Would you transcribe the listing that follows, character for character, and omit its images?

Data extract:
++++
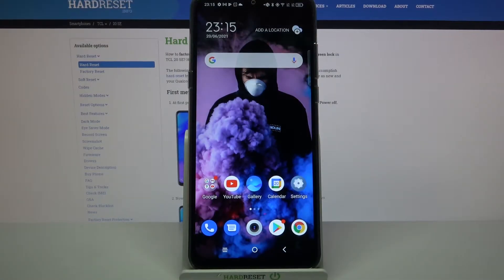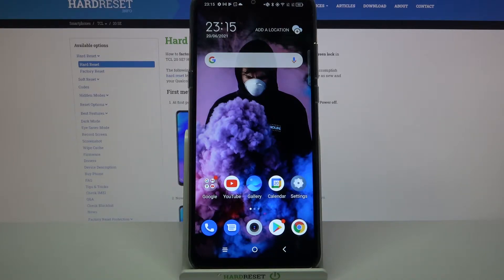Hi! In front of me is the DTL20SE and today I would like to show you how you can manage app permissions on this device.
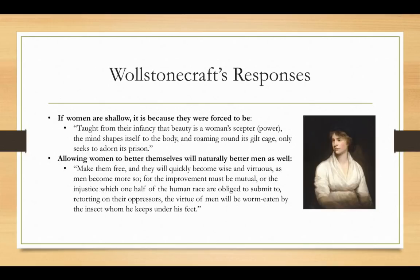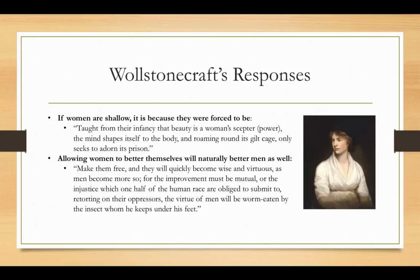Next, she says if women are shallow, it's because they're forced to be. One of the faults levied against women was that they were shallow and therefore not equipped to participate in matters of importance. Wollstonecraft says that if that's true, it's because that's how men raised women to be. She writes: "Taught from their infancy that beauty is a woman's scepter" — meaning power — "the mind shapes itself to the body and roaming around its gilt cage only seeks to adorn its prison." Women are accused of being obsessed with clothes, beauty, and cosmetics, and Wollstonecraft says: what choice did you give us? If you keep women in this kind of prison, all they can do to stay sane is to embody it and decorate themselves. Absolutely, she says, we're shallow — but it's because you've given us absolutely no other alternative.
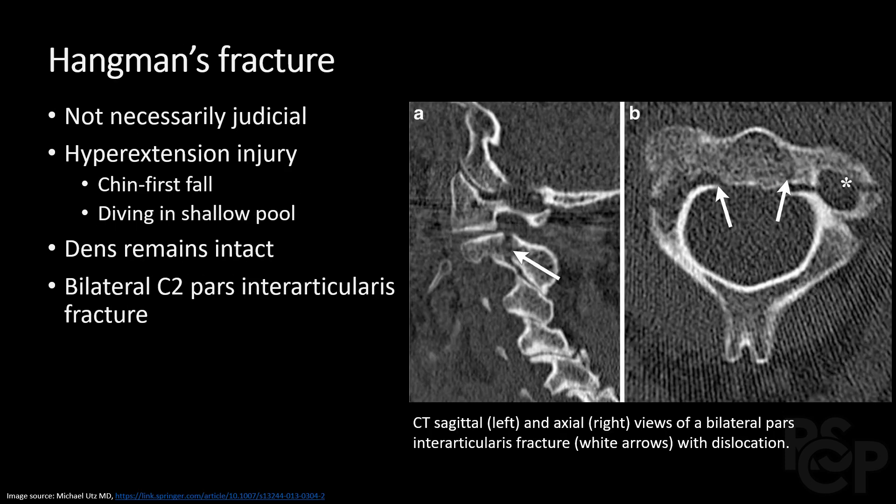Hangman's fracture, which sounds judicial, is more commonly seen as a hyperextension injury, typically when falling chin first. It is a bilateral pars interarticularis fracture of C2 — i.e., spondylolysis of C2. Most importantly in this case, the dens remains intact. Surgery is an option if there is severe angulation or if there is disruption of the disc space.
++++
Response to the task:
Hi! In front of me is the DTL20SE and today I would like to show you how you can manage app permissions on this device.
Next, she says if women are shallow, it's because they're forced to be. One of the faults levied against women was that they were shallow and therefore not equipped to participate in matters of importance. Wollstonecraft says that if that's true, it's because that's how men raised women to be. She writes: "Taught from their infancy that beauty is a woman's scepter" — meaning power — "the mind shapes itself to the body and roaming around its gilt cage only seeks to adorn its prison." Women are accused of being obsessed with clothes, beauty, and cosmetics, and Wollstonecraft says: what choice did you give us? If you keep women in this kind of prison, all they can do to stay sane is to embody it and decorate themselves. Absolutely, she says, we're shallow — but it's because you've given us absolutely no other alternative.
Hangman's fracture, which sounds judicial, is more commonly seen as a hyperextension injury, typically when falling chin first. It is a bilateral pars interarticularis fracture of C2 — i.e., spondylolysis of C2. Most importantly in this case, the dens remains intact. Surgery is an option if there is severe angulation or if there is disruption of the disc space.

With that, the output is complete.